The closer to the chip, the faster the memory, however the more expensive the memory is.

Secondary memory

  • External devices such as hard drives, SSDs, flash drives


  • Latency is the time taken by components to respond to the request.
  • To avoid short delays between the CPU’s request for data and finding the data in memory some instructions and data are copied to the cache.

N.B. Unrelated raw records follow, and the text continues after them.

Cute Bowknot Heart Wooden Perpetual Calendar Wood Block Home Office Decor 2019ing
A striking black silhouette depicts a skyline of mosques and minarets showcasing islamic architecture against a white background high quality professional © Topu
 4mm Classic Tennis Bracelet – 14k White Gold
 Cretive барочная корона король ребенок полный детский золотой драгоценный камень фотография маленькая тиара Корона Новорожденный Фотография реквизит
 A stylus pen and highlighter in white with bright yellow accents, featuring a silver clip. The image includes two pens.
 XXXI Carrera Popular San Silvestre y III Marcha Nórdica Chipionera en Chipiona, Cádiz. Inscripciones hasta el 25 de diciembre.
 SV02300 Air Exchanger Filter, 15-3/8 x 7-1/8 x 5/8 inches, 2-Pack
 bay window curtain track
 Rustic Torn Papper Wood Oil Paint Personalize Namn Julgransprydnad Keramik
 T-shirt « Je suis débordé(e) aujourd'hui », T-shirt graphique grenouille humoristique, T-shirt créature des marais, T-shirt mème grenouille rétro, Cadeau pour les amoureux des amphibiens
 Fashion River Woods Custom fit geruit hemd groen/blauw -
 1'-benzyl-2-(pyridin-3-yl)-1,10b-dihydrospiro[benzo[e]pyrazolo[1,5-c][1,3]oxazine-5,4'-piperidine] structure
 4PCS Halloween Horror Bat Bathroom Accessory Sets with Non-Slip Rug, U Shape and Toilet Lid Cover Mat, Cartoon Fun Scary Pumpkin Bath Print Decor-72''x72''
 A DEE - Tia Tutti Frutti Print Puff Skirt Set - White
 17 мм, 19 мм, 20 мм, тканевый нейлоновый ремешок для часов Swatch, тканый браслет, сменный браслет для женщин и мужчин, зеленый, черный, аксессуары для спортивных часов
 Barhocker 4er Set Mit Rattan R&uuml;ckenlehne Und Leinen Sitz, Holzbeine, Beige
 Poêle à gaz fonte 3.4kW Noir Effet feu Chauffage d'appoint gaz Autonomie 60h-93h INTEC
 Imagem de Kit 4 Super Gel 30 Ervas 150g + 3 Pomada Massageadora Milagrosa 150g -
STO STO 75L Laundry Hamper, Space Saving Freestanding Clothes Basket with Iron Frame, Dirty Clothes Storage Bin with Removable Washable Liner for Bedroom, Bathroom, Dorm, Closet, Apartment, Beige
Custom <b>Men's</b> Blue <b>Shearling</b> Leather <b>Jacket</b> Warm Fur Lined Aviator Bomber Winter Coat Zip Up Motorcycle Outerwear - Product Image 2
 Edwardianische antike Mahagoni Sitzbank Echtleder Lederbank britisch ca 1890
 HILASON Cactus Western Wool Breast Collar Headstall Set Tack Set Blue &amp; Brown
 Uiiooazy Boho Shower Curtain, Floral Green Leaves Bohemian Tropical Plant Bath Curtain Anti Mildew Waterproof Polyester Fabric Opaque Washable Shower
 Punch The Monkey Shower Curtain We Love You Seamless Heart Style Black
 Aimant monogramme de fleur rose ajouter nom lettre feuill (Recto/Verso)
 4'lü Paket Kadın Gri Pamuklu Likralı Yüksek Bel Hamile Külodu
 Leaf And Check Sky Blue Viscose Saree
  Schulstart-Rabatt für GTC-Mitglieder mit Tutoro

Random Access Memory (RAM)

  • Temporary memory which stores data, files and parts of the operating system
  • All data is loaded from secondary storage into RAM.
  • Is volatile.

Dynamic RAM (DRAM)

  • DRAM consists of transistors that act as switches and capacitors that hold binary data.
  • DRAM has to be constantly refreshed (every 15microseconds) to maintain capacitor charge.
  • DRAM is used for main RAM memory.
  • Is volatile

Static RAM (SRAM)

  • SRAM uses “flip-flops” which hold each bit of memory.
  • SRAM need not to be refreshed constantly.
  • SRAM is faster than DRAM.
  • SRAM is used in cache memory.
  • SRAM is more complex to build and therefore more expensive than DRAM.
  • Comes in smaller capacities than SRAM.
  • Non-volatile

Read-Only Memory (ROM)

  • Read only memory is a permanent memory that is used to store the instructions that are executed once a computer is switched ON. This set of instructions is called a boot process.
  • This is responsible for initializing the hardware and operating system soon after the power is switched ON.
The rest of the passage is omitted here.